How does the front door look? Shea said a potential buyer’s first impression of the property is reinforced as they approach the front door.
“If they walk up to the front door and the paint is peeling, and the steps are cracked, [buyers] are going to start to wonder what the rest of the house is like,” she said.
What’s the inside like? Again, Shea said it’s important to look at your home not like its owner, but like a potential buyer
“One of the biggest things is to declutter,” Shea said, emphasizing that in that decluttering, it’s a good idea to put away a lot of the family photos.
Photo collections, she said tend to make potential buyers “focus on who lives there rather than that the walls are pearl grey with tan trim.”
How does it smell? According to Shea, another area that home sellers need to sharpen up is odor control.
“If you smoke in the home, stop,” she said, adding that it’s a good idea to have carpets shampooed if the home either has smokers, or pets, in residence. If the carpets are old or frayed, and the homeowner knows there are hardwood floors underneath, Shea said they should consider removing the carpeting altogether before showing the home.
“With hardwood, you walk in and its just such a cleaner look,” she said.
How is the bathroom, and the kitchen? Shea said both of these rooms are very important to potential buyers.
“The kitchen is the most important room,” Shea said. “It can be very expensive to update it, but there are small things you can do, such as changing out the [cabinet] hardware.”
It’s also important to make sure the kitchen is decluttered and “squeaky-clean” when showing the house.

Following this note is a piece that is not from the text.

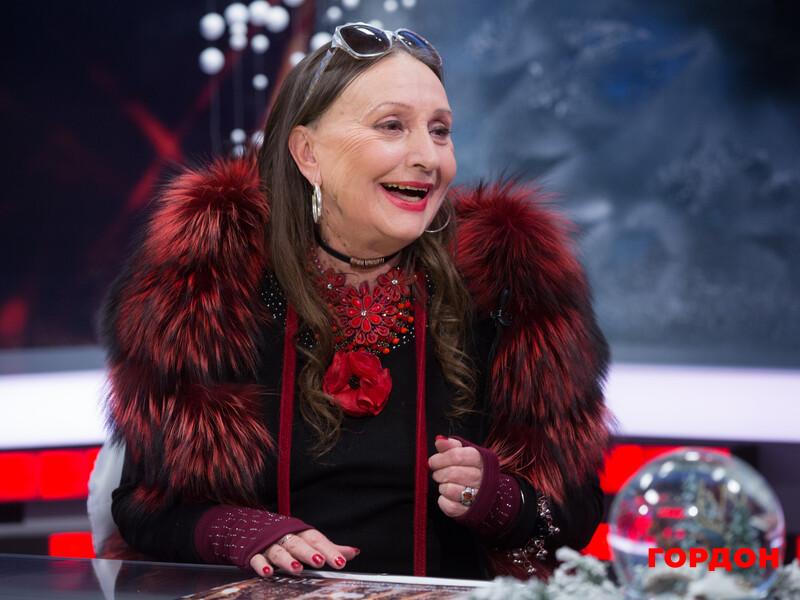 Кадочникова публічно відмовилася говорити українською. Ніцой назвала її "українофобкою". Відео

In the bath, Shea said, make sure, again, it’s clean, and that there aren’t any unsightly areas, such as broken tile or discolored grout or caulking. Touching up that grout or caulking are inexpensive fixes that will help the home show better. If the tub looks bad, she said it might be worth exploring having it refinished.
“There are companies out there that can refinish a tub and it looks beautiful,” she noted.
What about the basement? Shea said sellers need to think about decluttering this area of the house, too, as well as checking to insure it shows in the best light.
“If you have an older furnace, show that it has been serviced regularly,” Shea said, adding that it’s also important to check for signs of water leaks, which can scare off potential buyers.
Is it snoop-ready? Shea said potential buyers are going to be curious about such things as water pressure and closet space.
“Be aware that buyers are likely to turn the water on and flush the toilets, and also open cabinet doors and closets,” she said.
Shea said if your home is in good condition and you know the age of the roof, that the electrical system is up to date, the plumbing is in good condition and there are no insect problems, a preliminary inspection may not be necessary. If a seller has any questions about the home’s structure, systems or potential insect damage however, a preliminary inspection might be a good idea.
“It can remove the surprise of an inspector coming in and finding things [that are] wrong,” Shea said.
If the home needs work on a small – or large – scale, Shea said the seller should consult with a realtor about how those repairs can be accomplished and still show the home in the best light.
She also indicated that in some cases, a seller might need to be prepared to negotiate closing costs with the buyer to accommodate repairs.
Shea said though there are individuals who have successfully sold their homes on their own, it’s likely they did not get the best price possible for their property. Minor issues, such as the seller’s color scheme, can affect how potential buyers value the property.
“There are a lot of buyers that can’t look beyond what they see,” Shea said. “You need to be working with an agent that has vision and can help buyers see how to make [your house] their own.”
Shea said working with a realtor to make certain your property is prepared to show in the best light, and is properly priced, can help your home “sell much closer to the asking price.”
She added, “The pool of buyers is always out there, spring, summer, fall, even in the dead of winter.”